Xiong Yi-Xuan, Zhang Xiao-Fei
School of Mathematics and Statistics, Central China Normal University, Wuhan 430079, China.
Key Laboratory of Nonlinear Analysis & Applications (Ministry of Education), Central China Normal University, Wuhan 430079, China.
Brief Bioinform. 2024 Jan 22;25(2). doi: 10.1093/bib/bbae072.
The proliferation of single-cell RNA-seq data has greatly enhanced our ability to comprehend the intricate nature of diverse tissues. However, accurately annotating cell types in such data, especially when handling multiple reference datasets and identifying novel cell types, remains a significant challenge. To address these issues, we introduce Single Cell annotation based on Distance metric learning and Optimal Transport (scDOT), an innovative cell-type annotation method adept at integrating multiple reference datasets and uncovering previously unseen cell types. scDOT introduces two key innovations. First, by incorporating distance metric learning and optimal transport, it presents a novel optimization framework. This framework effectively learns the predictive power of each reference dataset for new query data and simultaneously establishes a probabilistic mapping between cells in the query data and reference-defined cell types. Secondly, scDOT develops an interpretable scoring system based on the acquired probabilistic mapping, enabling the precise identification of previously unseen cell types within the data. To rigorously assess scDOT's capabilities, we systematically evaluate its performance using two diverse collections of benchmark datasets encompassing various tissues, sequencing technologies and diverse cell types.
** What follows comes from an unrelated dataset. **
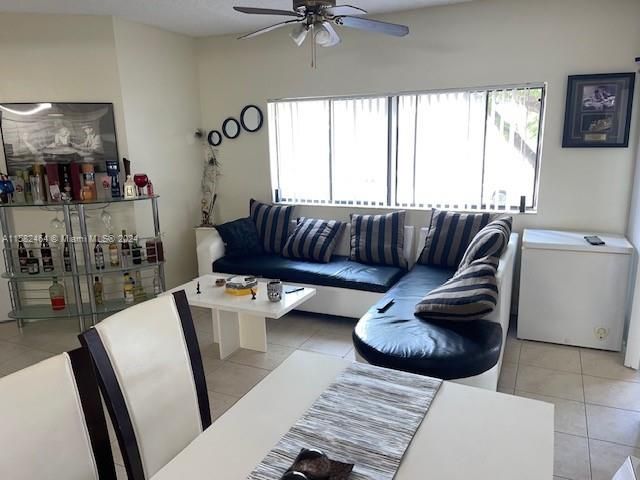 For Sale: $239,000 (2 beds, 2 baths, 858 Square Feet)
Our experimental results consistently affirm the superior performance of scDOT in cell-type annotation and the identification of previously unseen cell types. These advancements provide researchers with a potent tool for precise cell-type annotation, ultimately enriching our understanding of complex biological tissues.
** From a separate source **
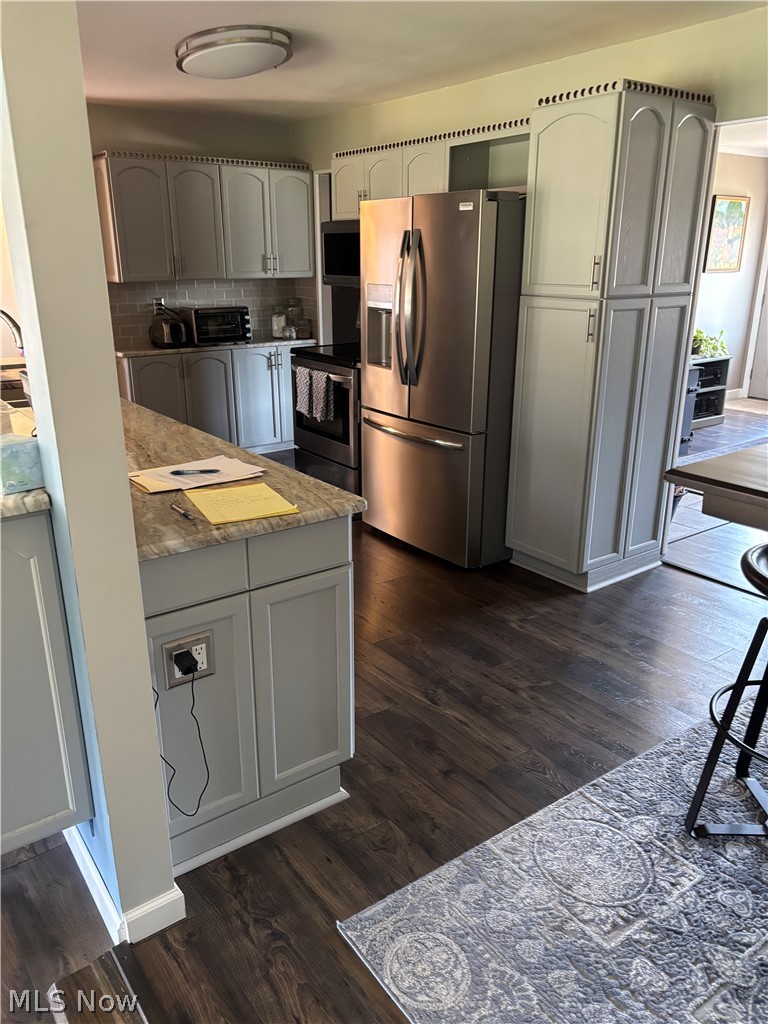 2937 Joseph Brunswick OH 44212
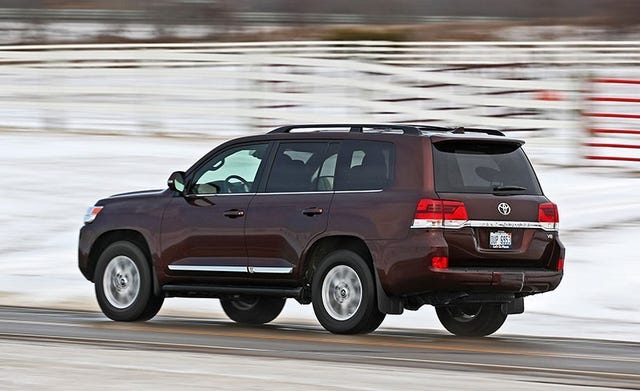 2018 Toyota Land Cruiser Tested!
单细胞RNA测序数据的激增极大地提高了我们理解不同组织复杂本质的能力。然而,在此类数据中准确注释细胞类型,尤其是在处理多个参考数据集和识别新细胞类型时,仍然是一项重大挑战。为了解决这些问题,我们引入了基于距离度量学习和最优传输的单细胞注释(scDOT),这是一种创新的细胞类型注释方法,擅长整合多个参考数据集并发现以前未见过的细胞类型。scDOT引入了两项关键创新。首先,通过结合距离度量学习和最优传输,它提出了一个新颖的优化框架。该框架有效地学习每个参考数据集对新查询数据的预测能力,并同时在查询数据中的细胞与参考定义的细胞类型之间建立概率映射。其次,scDOT基于获得的概率映射开发了一个可解释的评分系统,能够在数据中精确识别以前未见过的细胞类型。为了严格评估scDOT的能力,我们使用包含各种组织、测序技术和不同细胞类型的两个不同的基准数据集集合系统地评估其性能。我们的实验结果一致肯定了scDOT在细胞类型注释和识别以前未见过的细胞类型方面的卓越性能。这些进展为研究人员提供了一个强大的工具,用于精确的细胞类型注释,最终丰富我们对复杂生物组织的理解。